Singapore is aiming to improve its electrical grid to not only facilitate its transition towards more environmentally-friendly energy but also to meet the growing demand resulting from economic expansion, digitalization, and the increasing use of electric cars. The Energy Market Authority (EMA) has recently issued a tender to engage a consultant to evaluate and potentially enhance different aspects of the electrical grid. This includes exploring the viability of increasing the transmission voltage levels from power generation plants and enhancing efficiency.
According to EMA, higher voltage levels are critical for transmitting electricity over greater distances, such as when importing electricity from nearby nations like Malaysia.

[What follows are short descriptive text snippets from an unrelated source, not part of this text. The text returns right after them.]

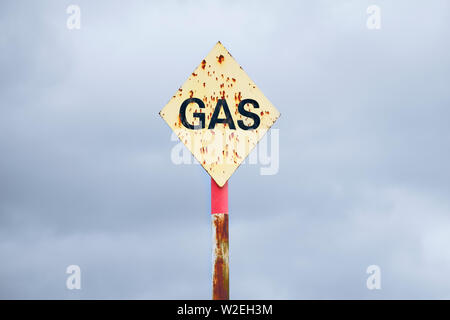 Giallo Gas rusty segno posto contro il grigio nuvole nel cielo Foto Stock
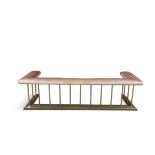 A LARGE VICTORIAN BRASS GALLERY AND PINK LEATHER UPHOLSTERED CLUB FENDER 197cm wide; 51cm high;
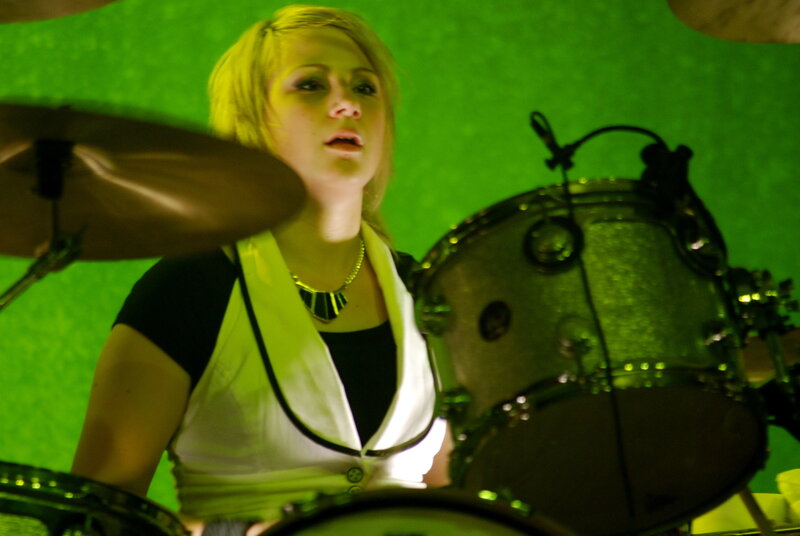 Woman playing drums on stage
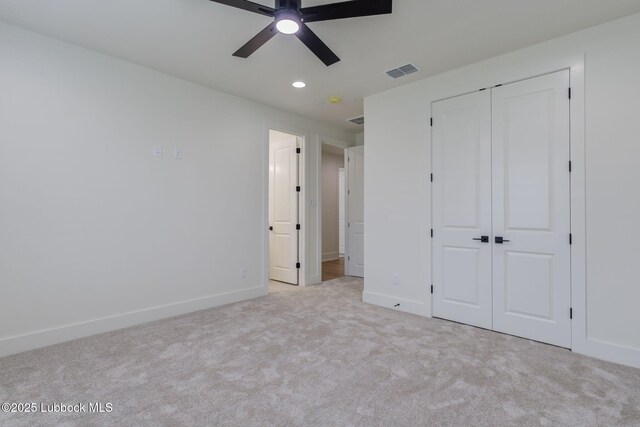 7726 46th St, Lubbock, TX 79407 - unfurnished bedroom featuring carpet floors, a closet, recessed lighting, and a ceiling fan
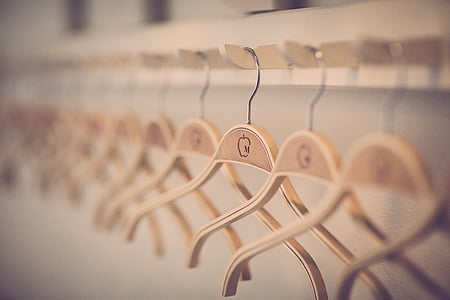 selective photo of wooden cloth hanger thumbnail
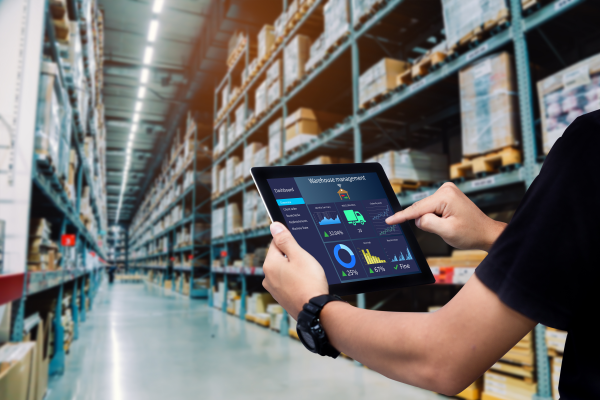 Warehouse worker using a tablet.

High-voltage electricity is also required by energy-intensive sectors like the petrochemicals and metals industries.
EMA also seeks to expand the reach of the low-voltage electricity network, which traditionally serves households and small businesses. This move would decrease the necessity for substations that transform electricity from high to low voltages in residential areas.
Currently, a substantial portion of the electricity grid infrastructure was constructed and commissioned in the 1980s to early 2000s to sustain urbanization and industrialization. It is now necessary to examine the design and plan of the grid infrastructure in light of changing energy patterns. With plans to increase the amount of low-carbon electricity imports to 4 GW by 2023 and produce at least 2 GW of solar power by 2030 – from around 700 megawatt-peak as at the end of the second quarter of 2022 – Singapore’s electricity grid infrastructure needs to be upgraded to support this energy transition.